*** Begin section ***

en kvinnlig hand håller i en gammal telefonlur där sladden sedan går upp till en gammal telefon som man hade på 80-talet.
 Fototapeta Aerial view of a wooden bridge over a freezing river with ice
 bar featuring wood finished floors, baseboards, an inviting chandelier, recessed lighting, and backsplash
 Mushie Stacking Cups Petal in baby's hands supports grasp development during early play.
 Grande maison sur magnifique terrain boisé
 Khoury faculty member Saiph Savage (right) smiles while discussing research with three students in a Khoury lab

*** End section ***
*** Begin section ***

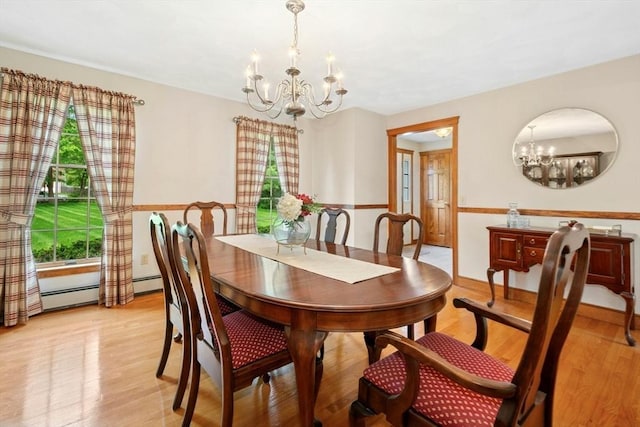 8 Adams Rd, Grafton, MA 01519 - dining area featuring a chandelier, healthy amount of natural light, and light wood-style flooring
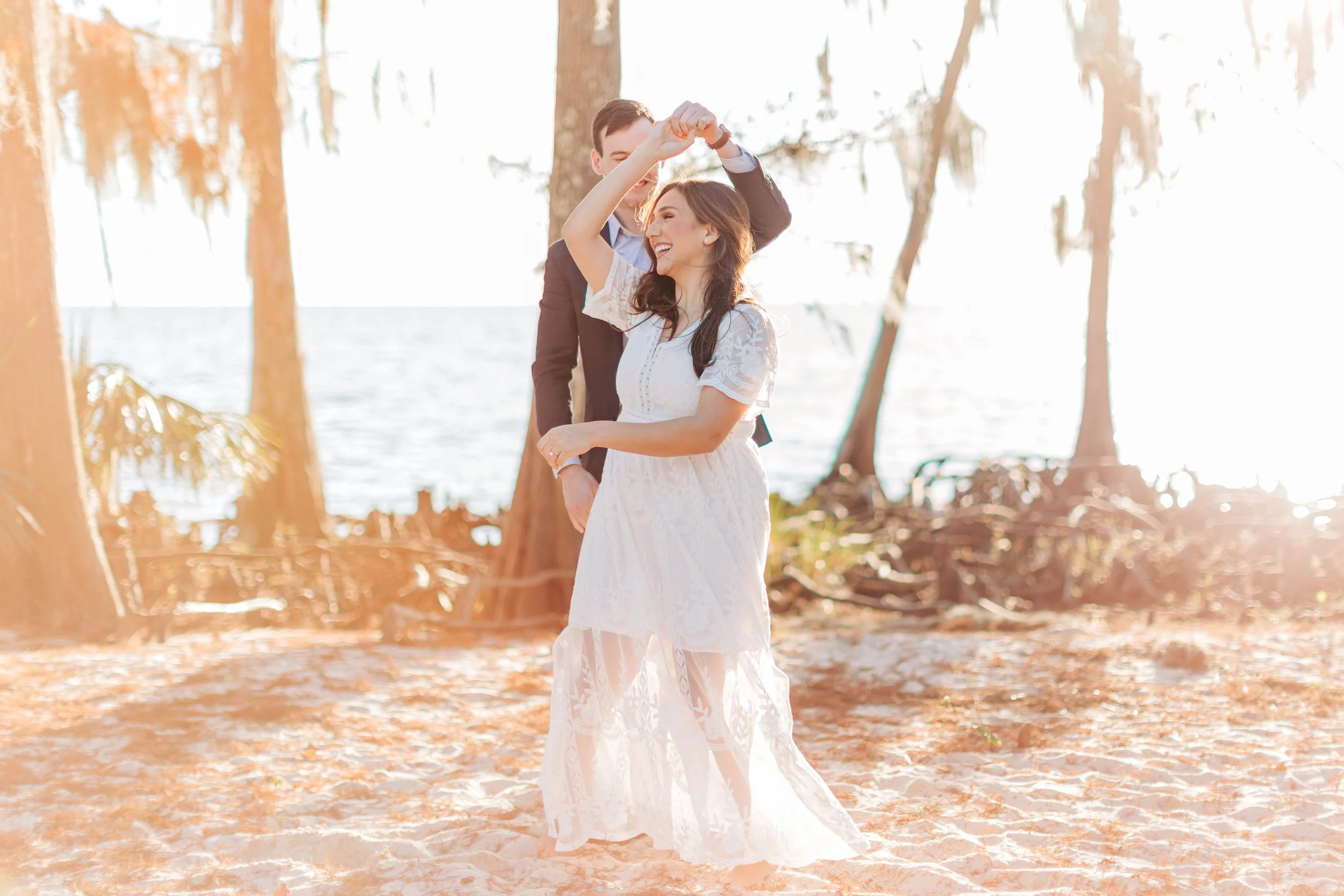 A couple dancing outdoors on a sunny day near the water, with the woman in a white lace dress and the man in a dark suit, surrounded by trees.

*** End section ***
*** Begin section ***

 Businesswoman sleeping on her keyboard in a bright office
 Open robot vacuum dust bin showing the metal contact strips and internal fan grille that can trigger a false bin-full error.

*** End section ***

• **Activity**
Look above for the line that contains "en kvinnlig hand". Starting there, transcribe every line exactly until you have copied the line that contains "Khoury faculty member".

• **Your solution**
en kvinnlig hand håller i en gammal telefonlur där sladden sedan går upp till en gammal telefon som man hade på 80-talet.
 Fototapeta Aerial view of a wooden bridge over a freezing river with ice
 bar featuring wood finished floors, baseboards, an inviting chandelier, recessed lighting, and backsplash
 Mushie Stacking Cups Petal in baby's hands supports grasp development during early play.
 Grande maison sur magnifique terrain boisé
 Khoury faculty member Saiph Savage (right) smiles while discussing research with three students in a Khoury lab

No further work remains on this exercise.